▶ [TASK STATEMENT]
Give again, unchanged, the line that contains "this 640×480 image." together with every line that follows it until the entries end.

▶ [ENTRIES SUPPLIED]
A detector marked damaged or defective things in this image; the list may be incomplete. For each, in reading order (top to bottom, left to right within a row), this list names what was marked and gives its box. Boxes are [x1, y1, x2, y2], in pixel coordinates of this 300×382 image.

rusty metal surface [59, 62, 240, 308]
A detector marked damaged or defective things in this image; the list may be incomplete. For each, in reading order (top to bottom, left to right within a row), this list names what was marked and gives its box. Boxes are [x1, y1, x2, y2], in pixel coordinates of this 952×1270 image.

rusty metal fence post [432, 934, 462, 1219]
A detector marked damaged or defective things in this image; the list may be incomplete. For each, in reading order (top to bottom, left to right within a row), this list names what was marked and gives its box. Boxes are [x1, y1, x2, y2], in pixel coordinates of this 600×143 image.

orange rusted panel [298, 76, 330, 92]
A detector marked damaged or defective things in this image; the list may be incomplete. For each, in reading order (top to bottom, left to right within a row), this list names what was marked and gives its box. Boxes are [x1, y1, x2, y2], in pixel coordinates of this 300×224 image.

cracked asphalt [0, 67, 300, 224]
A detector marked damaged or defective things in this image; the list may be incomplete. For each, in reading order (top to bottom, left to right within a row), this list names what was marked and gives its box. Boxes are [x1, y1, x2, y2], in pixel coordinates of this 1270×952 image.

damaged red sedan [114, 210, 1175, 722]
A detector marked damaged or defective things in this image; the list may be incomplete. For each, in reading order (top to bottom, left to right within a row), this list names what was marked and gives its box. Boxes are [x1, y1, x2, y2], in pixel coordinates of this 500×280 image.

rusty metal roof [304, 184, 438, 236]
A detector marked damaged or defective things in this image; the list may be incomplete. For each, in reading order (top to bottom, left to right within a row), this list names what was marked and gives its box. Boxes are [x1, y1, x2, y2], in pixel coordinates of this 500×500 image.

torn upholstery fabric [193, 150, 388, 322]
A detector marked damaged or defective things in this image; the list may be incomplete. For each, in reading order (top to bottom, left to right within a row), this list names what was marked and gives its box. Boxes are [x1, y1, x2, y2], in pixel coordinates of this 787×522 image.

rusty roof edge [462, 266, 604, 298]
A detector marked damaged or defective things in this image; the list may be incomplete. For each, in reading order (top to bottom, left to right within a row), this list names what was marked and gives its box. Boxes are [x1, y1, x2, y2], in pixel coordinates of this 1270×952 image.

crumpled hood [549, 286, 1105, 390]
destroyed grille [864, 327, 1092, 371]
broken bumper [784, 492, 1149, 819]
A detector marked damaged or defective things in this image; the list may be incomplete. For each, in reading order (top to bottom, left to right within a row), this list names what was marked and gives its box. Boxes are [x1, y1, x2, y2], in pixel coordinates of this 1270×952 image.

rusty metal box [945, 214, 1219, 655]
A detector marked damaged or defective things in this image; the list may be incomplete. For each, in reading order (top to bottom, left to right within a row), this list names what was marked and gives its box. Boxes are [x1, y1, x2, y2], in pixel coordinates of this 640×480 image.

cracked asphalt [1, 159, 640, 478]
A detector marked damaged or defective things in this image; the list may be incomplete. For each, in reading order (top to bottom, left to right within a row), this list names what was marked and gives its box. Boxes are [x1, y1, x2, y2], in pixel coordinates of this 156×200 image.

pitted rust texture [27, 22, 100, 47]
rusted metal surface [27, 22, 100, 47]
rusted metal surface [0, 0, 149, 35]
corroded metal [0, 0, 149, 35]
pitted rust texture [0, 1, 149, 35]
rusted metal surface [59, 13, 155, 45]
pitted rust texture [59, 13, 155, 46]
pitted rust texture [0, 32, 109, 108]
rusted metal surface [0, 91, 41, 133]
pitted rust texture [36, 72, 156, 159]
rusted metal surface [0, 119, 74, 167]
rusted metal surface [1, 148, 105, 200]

▶ [RESPONSE AREA]
A detector marked damaged or defective things in this image; the list may be incomplete. For each, in reading order (top to bottom, left to right within a row), this list names what was marked and gives its box. Boxes are [x1, y1, x2, y2], in pixel coordinates of this 640×480 image.

cracked asphalt [1, 159, 640, 478]
A detector marked damaged or defective things in this image; the list may be incomplete. For each, in reading order (top to bottom, left to right within a row), this list names what was marked and gives its box. Boxes are [x1, y1, x2, y2], in pixel coordinates of this 156×200 image.

pitted rust texture [27, 22, 100, 47]
rusted metal surface [27, 22, 100, 47]
rusted metal surface [0, 0, 149, 35]
corroded metal [0, 0, 149, 35]
pitted rust texture [0, 1, 149, 35]
rusted metal surface [59, 13, 155, 45]
pitted rust texture [59, 13, 155, 46]
pitted rust texture [0, 32, 109, 108]
rusted metal surface [0, 91, 41, 133]
pitted rust texture [36, 72, 156, 159]
rusted metal surface [0, 119, 74, 167]
rusted metal surface [1, 148, 105, 200]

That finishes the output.